GOAL OF THE EXERCISE = An exact, word-for-word copy of the entries is required, beginning at the line that contains "Pre Owned Bottega" and ending at the last line, both included.

Items from a data source =
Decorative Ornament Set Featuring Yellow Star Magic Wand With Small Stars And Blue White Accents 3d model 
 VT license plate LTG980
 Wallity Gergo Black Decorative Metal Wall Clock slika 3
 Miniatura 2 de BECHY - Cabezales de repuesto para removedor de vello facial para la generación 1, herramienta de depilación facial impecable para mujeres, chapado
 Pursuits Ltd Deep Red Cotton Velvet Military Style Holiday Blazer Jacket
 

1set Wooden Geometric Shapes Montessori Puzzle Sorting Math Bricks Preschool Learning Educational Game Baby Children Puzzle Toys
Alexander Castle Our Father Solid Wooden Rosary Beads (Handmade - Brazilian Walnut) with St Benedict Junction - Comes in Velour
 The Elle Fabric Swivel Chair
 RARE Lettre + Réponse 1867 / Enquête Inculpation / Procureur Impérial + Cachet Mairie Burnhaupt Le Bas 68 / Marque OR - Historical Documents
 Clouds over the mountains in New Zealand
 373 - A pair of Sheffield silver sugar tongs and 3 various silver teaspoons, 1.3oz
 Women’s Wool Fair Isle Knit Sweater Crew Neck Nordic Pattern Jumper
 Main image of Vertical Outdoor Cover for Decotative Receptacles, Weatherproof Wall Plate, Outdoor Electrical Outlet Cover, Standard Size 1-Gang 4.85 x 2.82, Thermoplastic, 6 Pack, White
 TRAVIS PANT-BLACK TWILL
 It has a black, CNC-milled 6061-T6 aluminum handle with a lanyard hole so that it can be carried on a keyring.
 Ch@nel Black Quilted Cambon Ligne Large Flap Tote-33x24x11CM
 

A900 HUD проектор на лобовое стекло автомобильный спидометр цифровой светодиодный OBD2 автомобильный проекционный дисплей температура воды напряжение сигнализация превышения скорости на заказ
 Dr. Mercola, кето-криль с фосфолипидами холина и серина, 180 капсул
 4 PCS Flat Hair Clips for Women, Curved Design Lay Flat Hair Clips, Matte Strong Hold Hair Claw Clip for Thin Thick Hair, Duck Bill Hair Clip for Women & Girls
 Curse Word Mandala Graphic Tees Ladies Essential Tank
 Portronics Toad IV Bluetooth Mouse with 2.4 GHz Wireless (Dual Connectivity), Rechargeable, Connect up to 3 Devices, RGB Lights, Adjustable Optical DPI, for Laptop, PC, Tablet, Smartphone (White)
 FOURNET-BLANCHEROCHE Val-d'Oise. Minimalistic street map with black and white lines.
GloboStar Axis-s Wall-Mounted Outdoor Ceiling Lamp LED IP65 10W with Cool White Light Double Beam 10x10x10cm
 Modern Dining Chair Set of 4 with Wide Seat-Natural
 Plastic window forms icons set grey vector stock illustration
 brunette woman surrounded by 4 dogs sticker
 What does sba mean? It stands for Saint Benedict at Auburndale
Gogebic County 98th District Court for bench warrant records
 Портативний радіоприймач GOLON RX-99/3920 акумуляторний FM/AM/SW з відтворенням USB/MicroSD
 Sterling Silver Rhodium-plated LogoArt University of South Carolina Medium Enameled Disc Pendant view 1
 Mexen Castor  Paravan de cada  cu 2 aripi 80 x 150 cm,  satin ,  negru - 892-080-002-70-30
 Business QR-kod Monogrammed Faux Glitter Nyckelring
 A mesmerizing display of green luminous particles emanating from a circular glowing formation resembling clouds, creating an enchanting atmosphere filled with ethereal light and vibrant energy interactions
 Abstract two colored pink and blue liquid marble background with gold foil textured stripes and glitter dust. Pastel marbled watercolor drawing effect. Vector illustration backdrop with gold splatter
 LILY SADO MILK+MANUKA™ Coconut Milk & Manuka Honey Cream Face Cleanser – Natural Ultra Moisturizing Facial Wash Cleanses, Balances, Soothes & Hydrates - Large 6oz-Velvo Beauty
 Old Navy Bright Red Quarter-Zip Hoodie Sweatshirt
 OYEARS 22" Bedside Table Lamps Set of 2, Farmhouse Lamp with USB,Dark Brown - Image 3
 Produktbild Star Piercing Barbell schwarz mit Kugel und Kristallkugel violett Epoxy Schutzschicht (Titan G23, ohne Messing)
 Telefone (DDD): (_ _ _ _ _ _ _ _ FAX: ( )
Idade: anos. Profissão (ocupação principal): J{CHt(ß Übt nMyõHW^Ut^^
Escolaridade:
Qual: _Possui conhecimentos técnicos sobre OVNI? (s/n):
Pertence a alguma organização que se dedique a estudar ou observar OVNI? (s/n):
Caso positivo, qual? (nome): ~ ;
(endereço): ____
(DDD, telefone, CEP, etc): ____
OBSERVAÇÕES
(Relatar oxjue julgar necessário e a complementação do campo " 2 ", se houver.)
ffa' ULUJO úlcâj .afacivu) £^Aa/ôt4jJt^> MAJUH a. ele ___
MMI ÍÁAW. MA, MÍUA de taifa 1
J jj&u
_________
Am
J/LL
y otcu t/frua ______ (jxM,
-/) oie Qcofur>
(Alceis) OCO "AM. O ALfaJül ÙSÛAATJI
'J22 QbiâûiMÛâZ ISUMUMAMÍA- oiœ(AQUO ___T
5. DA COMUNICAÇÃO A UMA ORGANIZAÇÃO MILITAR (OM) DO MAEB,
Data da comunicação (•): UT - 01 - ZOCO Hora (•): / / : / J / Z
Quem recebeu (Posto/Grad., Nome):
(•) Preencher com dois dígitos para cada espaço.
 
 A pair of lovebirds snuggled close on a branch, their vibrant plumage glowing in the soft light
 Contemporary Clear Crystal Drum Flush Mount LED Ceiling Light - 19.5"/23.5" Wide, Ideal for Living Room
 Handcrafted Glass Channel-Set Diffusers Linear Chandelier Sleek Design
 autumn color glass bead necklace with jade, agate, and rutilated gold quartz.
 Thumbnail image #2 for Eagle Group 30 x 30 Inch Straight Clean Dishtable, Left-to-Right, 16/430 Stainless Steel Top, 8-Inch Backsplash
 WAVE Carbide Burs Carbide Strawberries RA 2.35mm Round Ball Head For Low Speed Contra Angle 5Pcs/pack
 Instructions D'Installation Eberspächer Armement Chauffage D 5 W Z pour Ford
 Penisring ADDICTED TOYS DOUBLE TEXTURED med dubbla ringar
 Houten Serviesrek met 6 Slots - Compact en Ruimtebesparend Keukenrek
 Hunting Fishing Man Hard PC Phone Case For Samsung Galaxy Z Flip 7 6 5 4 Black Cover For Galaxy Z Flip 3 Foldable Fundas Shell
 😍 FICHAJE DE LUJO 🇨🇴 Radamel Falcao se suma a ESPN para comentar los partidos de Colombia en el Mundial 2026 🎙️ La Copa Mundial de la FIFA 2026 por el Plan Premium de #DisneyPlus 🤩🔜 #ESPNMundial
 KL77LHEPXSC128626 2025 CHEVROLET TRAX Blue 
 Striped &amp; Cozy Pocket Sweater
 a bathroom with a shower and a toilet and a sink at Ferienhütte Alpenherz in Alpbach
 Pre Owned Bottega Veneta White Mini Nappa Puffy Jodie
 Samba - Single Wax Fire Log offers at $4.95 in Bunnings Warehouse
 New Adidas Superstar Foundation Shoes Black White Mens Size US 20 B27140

ANSWER =
 Pre Owned Bottega Veneta White Mini Nappa Puffy Jodie
 Samba - Single Wax Fire Log offers at $4.95 in Bunnings Warehouse
 New Adidas Superstar Foundation Shoes Black White Mens Size US 20 B27140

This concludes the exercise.